Set strict dependency on tested Kotlin compiler version

[3flex]

This effectively pins the Kotlin compiler version used by detekt-cli, minimising the chance of it being overridden and causing issues such as #4786. The only alternative I can think of to this approach is using the shadowed/bundled JAR in the Gradle plugin, and only publishing that artifact of detekt-cli.

On the consumer side, the version can still be overridden, but only in specific configurations which a user would have to specifically go out of their way to use (and, given the only override on the consumer side requires use of a strictly version declaration, it should be respected).

On the consumer side, the version can be overridden with strictly applied versions (when this PR was authored, detekt-cli strictly depends on version 1.6.21):

// Downgrade attempt. Successful, Gradle uses 1.6.20
detekt("org.jetbrains.kotlin:kotlin-compiler-embeddable") {
    version {
        strictly("1.6.20")
    }
}

// Upgrade attempt. Successful, Gradle uses 1.7.0-Beta
detekt("org.jetbrains.kotlin:kotlin-compiler-embeddable") {
    version {
        strictly("1.7.0-Beta")
    }
}

When overriding the version using non-strictly applied versions, the version is unchanged, though upgrade attempts lead to this error:

// Downgrade attempt. No error, Gradle still uses 1.6.21
detekt("org.jetbrains.kotlin:kotlin-compiler-embeddable:1.6.20")

// Upgrade attempt. Gradle error "Cannot find a version of 'org.jetbrains.kotlin:kotlin-compiler-embeddable' that satisfies the version constraints"
detekt("org.jetbrains.kotlin:kotlin-compiler-embeddable:1.7.0-Beta")

There's more background here and here.

Closes #4817.

[3flex]

Worth commenting on the error case when someone tries to upgrade - if detekt falls behind in upgrading, and someone tries upgrading the Kotlin version in their project using configuration overrides to a newer version than what's used by detekt, it will cause a build failure.

At least the error is more meaningful and accurate, but it will inevitably lead to new support issues being raised.

The shadow/bundled approach would be more robust.

[cortinico]

Q: Is the issue arising only on .compilerEmbeddable or should be pin also the stdlib and other deps we import?

[3flex]

It's a good question. Probably yes... but perhaps we can just roll out this change to begin with, and see if there are any new issues, before becoming more strict with the other dependencies?

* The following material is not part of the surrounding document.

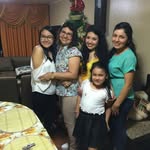 Editha Hernandez - @editha.hernandez13 - Instagram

kotlin-compiler-embeddable has a few other dependencies too, and in the very worst case they might also be overridden by the user's build script, so we'd want to pin everything, but then there's a maintenance burden being introduced (we have to remember to check if there are changes to the transitive dependencies that we need to update when each new Kotlin version is released).

I'm still of the opinion that we shouldn't be building workarounds into this project just to workaround issues introduced by users in their own build scripts, and instead we should educate users about how to fix it on their side. For that reason, if we merge this PR, I'd prefer the limited scope that it currently has.

[BraisGabin]

Will this change affect the kotlin version in the "main project" of our users? I assume that if they need to use detekt(...) it will not affect them but just to be sure.

[3flex]

There should be no impact at all to the main project. The dependency on detekt-cli is added to the "detekt" configuration and I believe the constraints only apply to that configuration and no others.

If this is merged the snapshot could be used to test.

[schalkms]

I think one review comment is still open.
#4822 (comment)

Otherwise, we should merge this into main asap.